▸ Task brief
Restate word for word the entries below, starting at the line with "14K Round Diamond Miligrain Band Yellow Gold" and ending at the line with "[Australia] - SuperTeeth". Keep both end lines and omit the pictures.

▸ Entries shown
Content starts
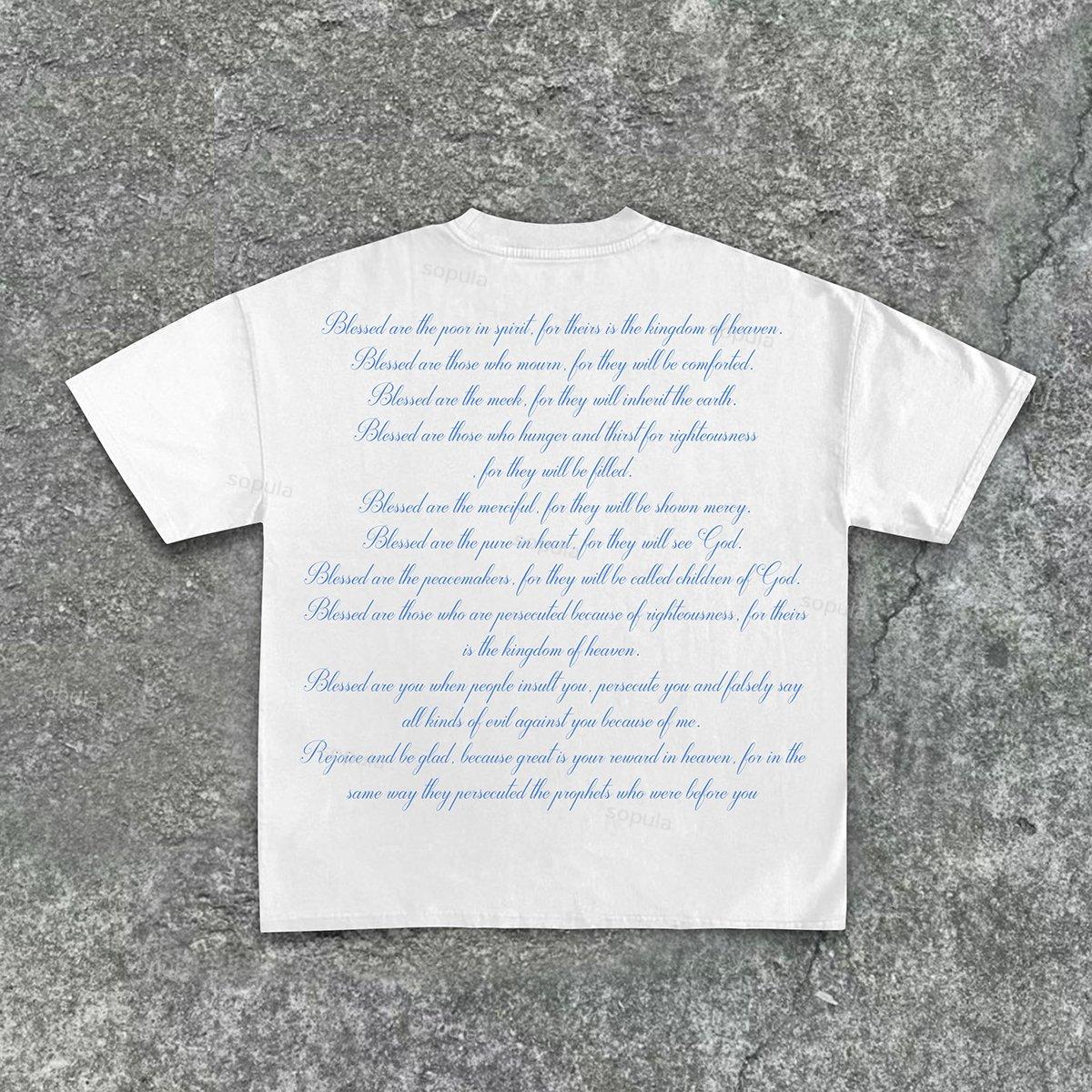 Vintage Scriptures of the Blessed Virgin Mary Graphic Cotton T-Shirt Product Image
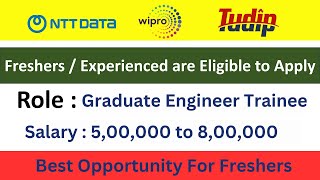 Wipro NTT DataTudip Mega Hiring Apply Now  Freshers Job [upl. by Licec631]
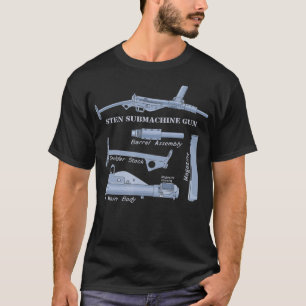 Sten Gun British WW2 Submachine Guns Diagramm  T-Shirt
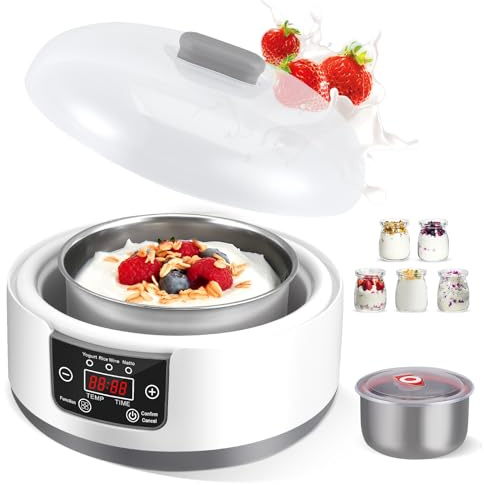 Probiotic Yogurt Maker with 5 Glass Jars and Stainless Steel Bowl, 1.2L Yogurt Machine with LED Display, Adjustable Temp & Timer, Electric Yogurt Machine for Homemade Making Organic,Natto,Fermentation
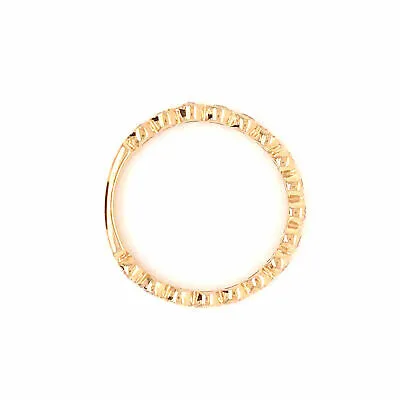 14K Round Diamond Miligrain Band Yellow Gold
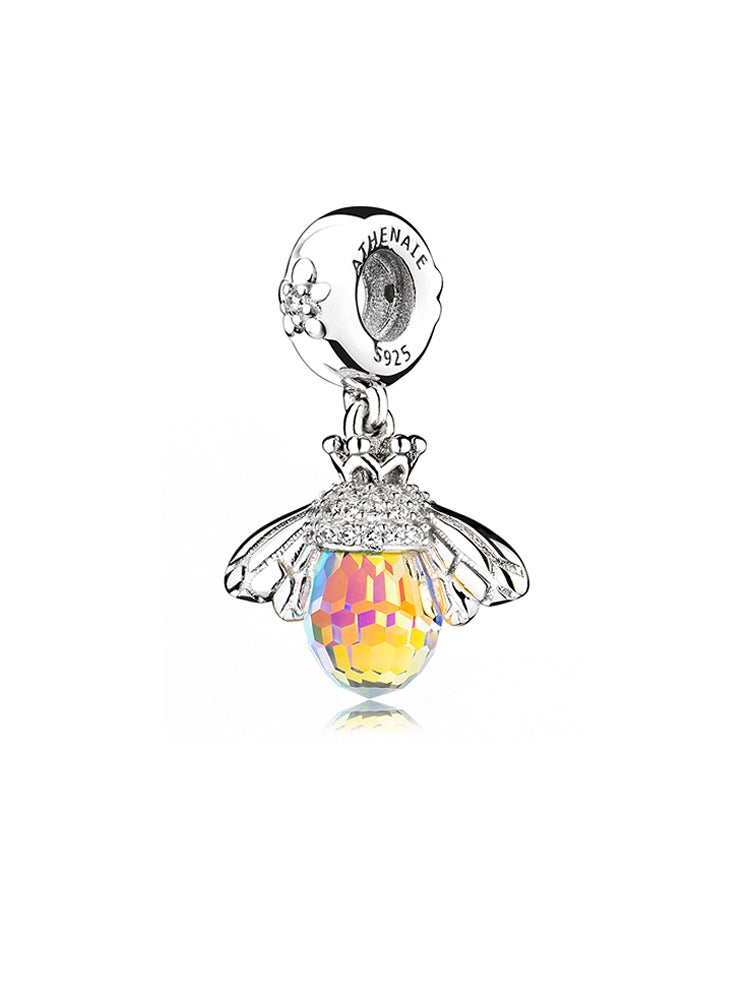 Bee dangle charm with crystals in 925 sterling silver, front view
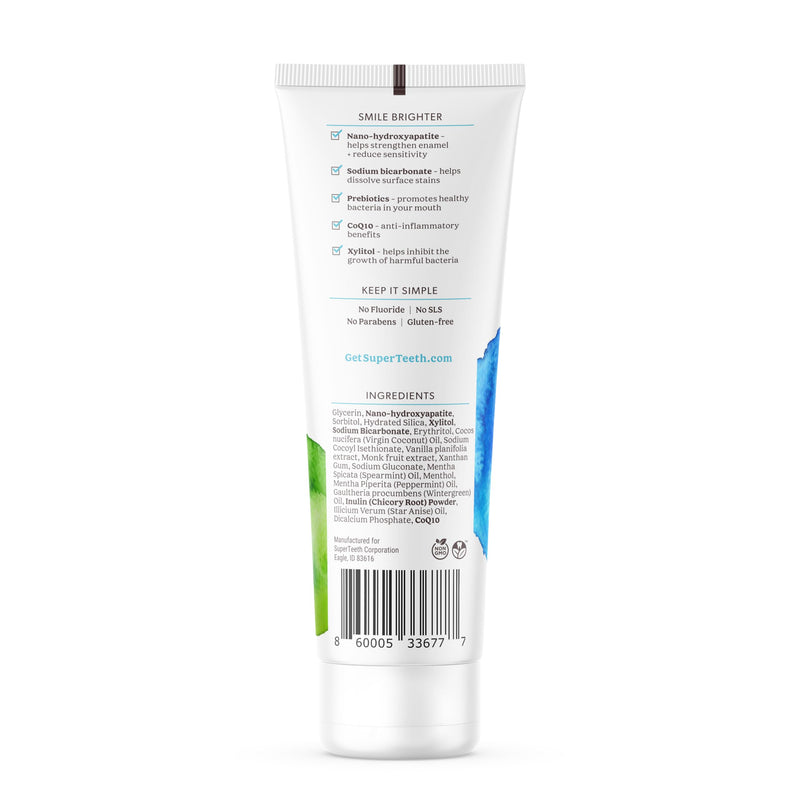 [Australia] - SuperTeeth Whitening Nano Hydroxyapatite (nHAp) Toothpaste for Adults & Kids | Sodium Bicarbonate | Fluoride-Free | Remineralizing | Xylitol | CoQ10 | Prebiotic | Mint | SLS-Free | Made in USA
Content ends
Content starts
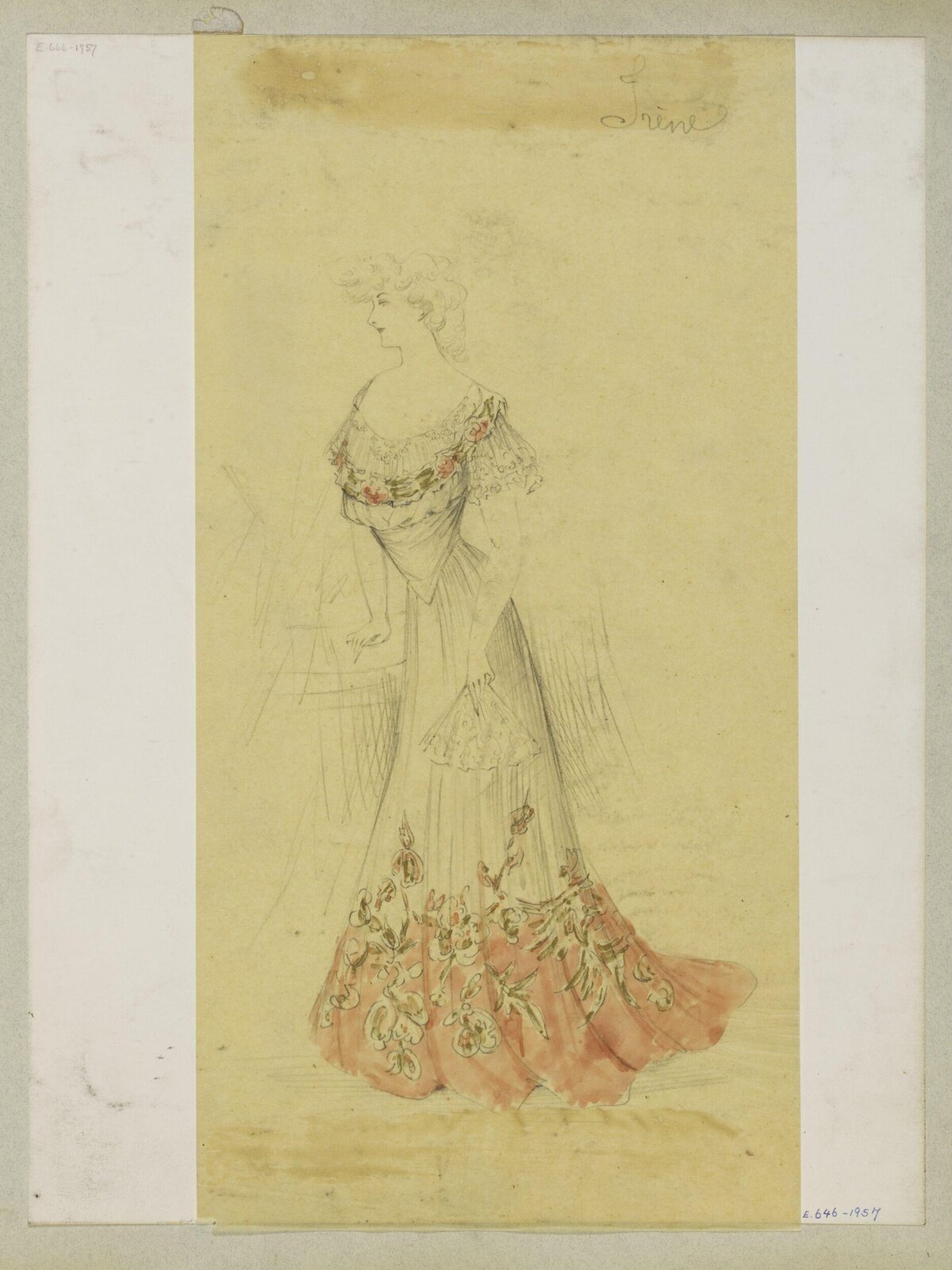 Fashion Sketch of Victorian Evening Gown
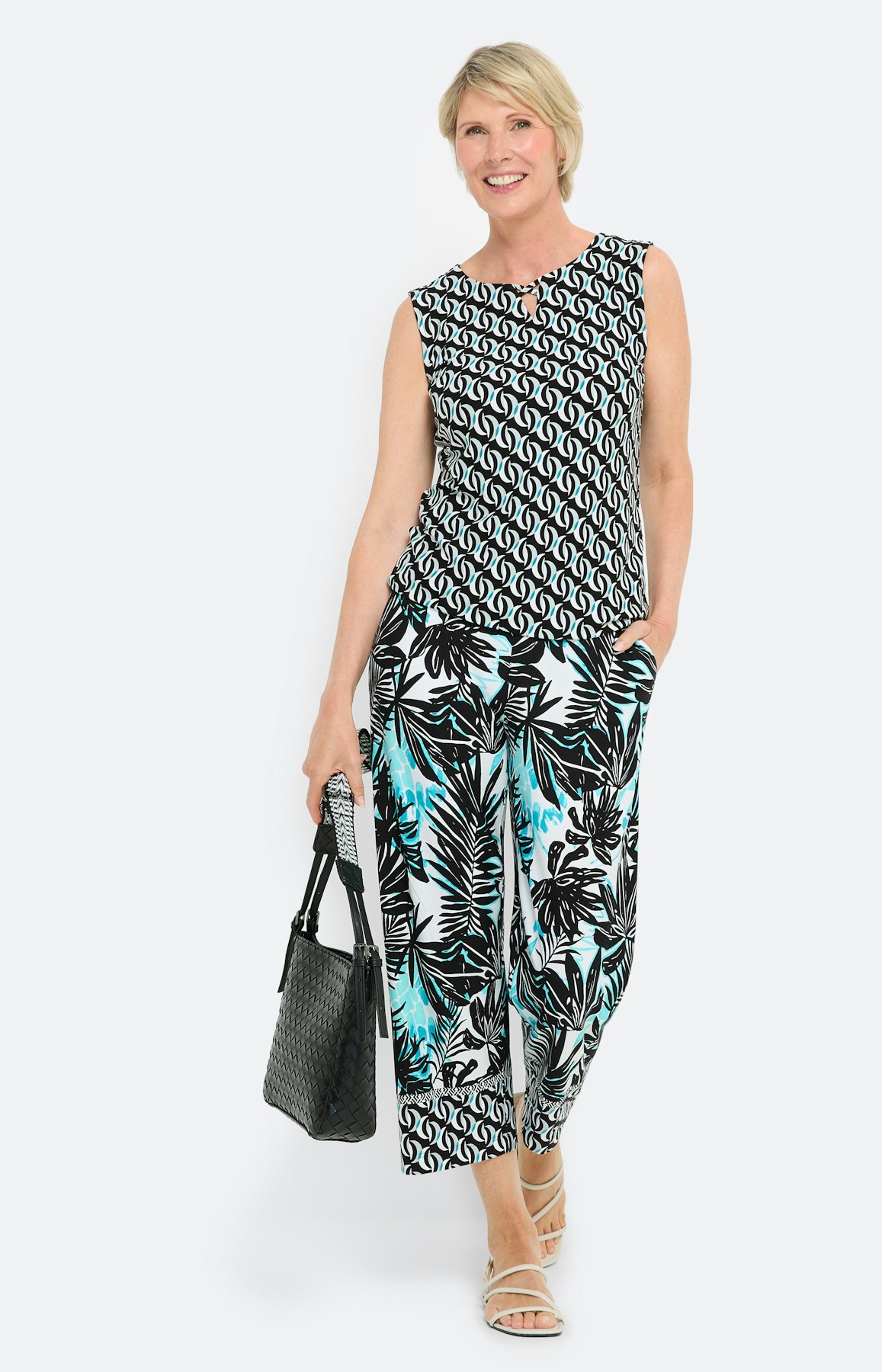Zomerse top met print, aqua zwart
Content ends
▸ Solution below
 14K Round Diamond Miligrain Band Yellow Gold
 Bee dangle charm with crystals in 925 sterling silver, front view
 [Australia] - SuperTeeth Whitening Nano Hydroxyapatite (nHAp) Toothpaste for Adults & Kids | Sodium Bicarbonate | Fluoride-Free | Remineralizing | Xylitol | CoQ10 | Prebiotic | Mint | SLS-Free | Made in USA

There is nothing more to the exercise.